Data »

■ ■ ■ ■ ■

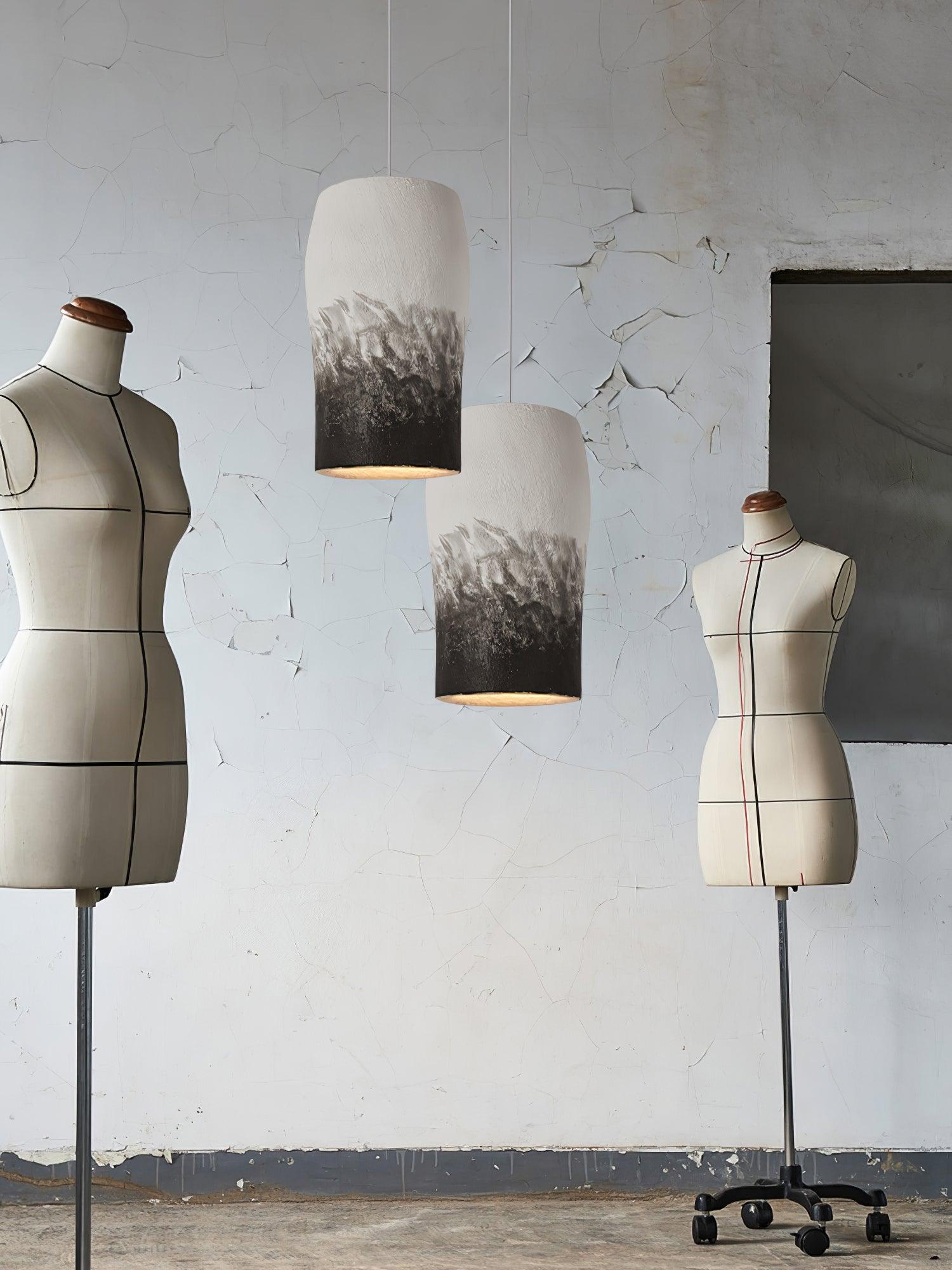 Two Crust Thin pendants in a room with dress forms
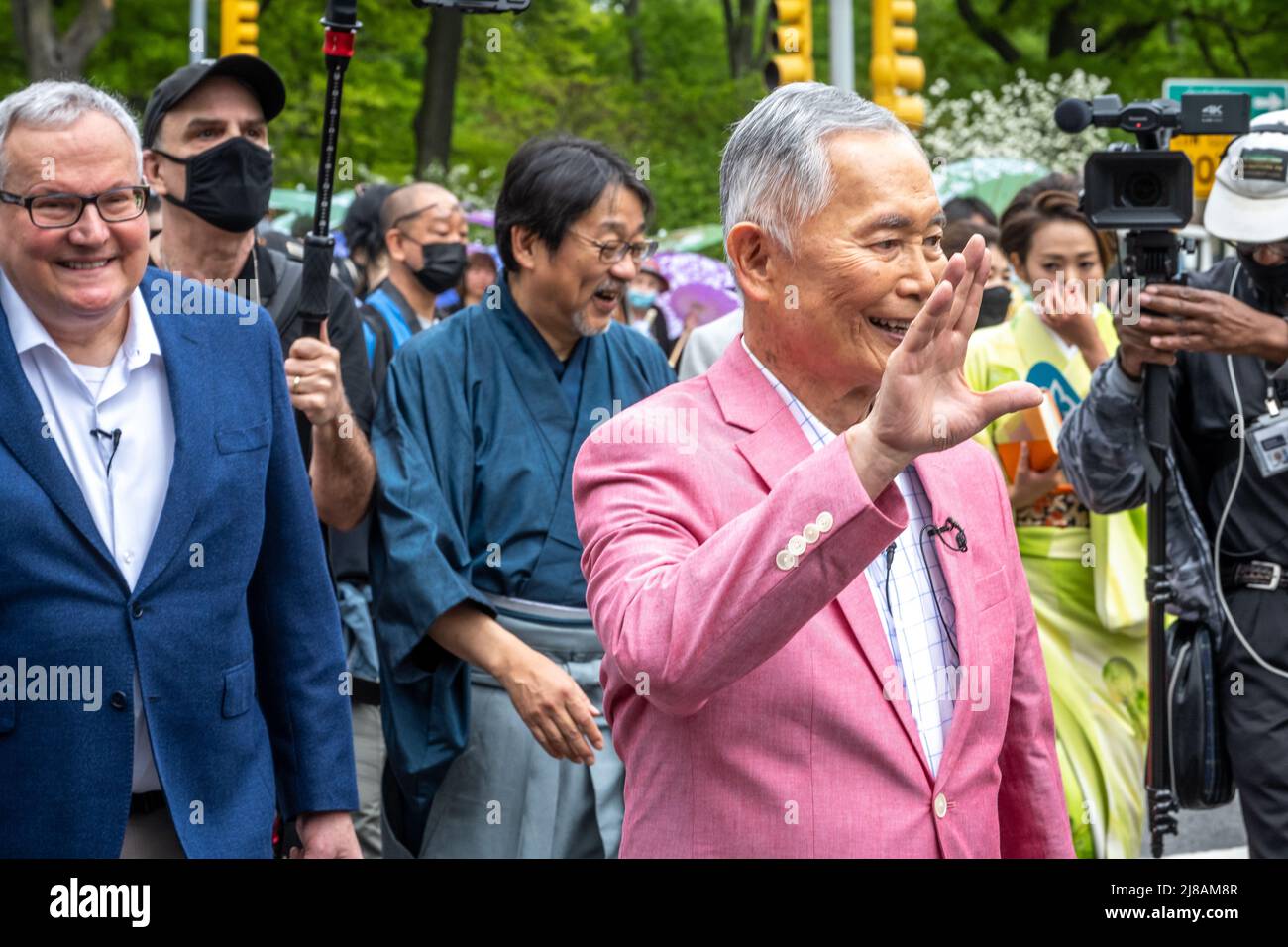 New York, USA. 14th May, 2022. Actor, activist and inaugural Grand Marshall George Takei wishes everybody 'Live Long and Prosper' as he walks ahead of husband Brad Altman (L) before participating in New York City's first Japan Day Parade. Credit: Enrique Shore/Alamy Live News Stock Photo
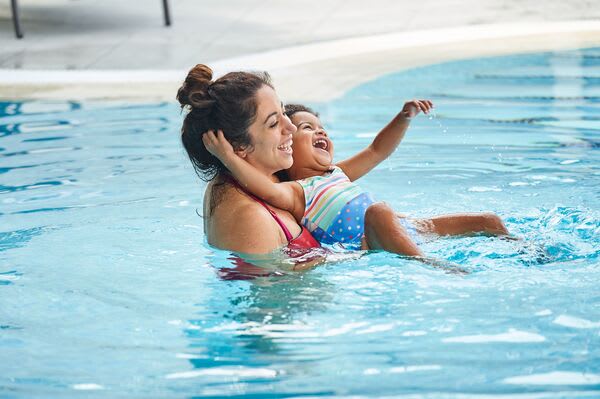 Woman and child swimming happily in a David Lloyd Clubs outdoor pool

■ ■ ■ ■ ■

Exercise » The response is the full listing, copied exactly, with the pictures omitted.

Answer box »
 Two Crust Thin pendants in a room with dress forms
 New York, USA. 14th May, 2022. Actor, activist and inaugural Grand Marshall George Takei wishes everybody 'Live Long and Prosper' as he walks ahead of husband Brad Altman (L) before participating in New York City's first Japan Day Parade. Credit: Enrique Shore/Alamy Live News Stock Photo
 Woman and child swimming happily in a David Lloyd Clubs outdoor pool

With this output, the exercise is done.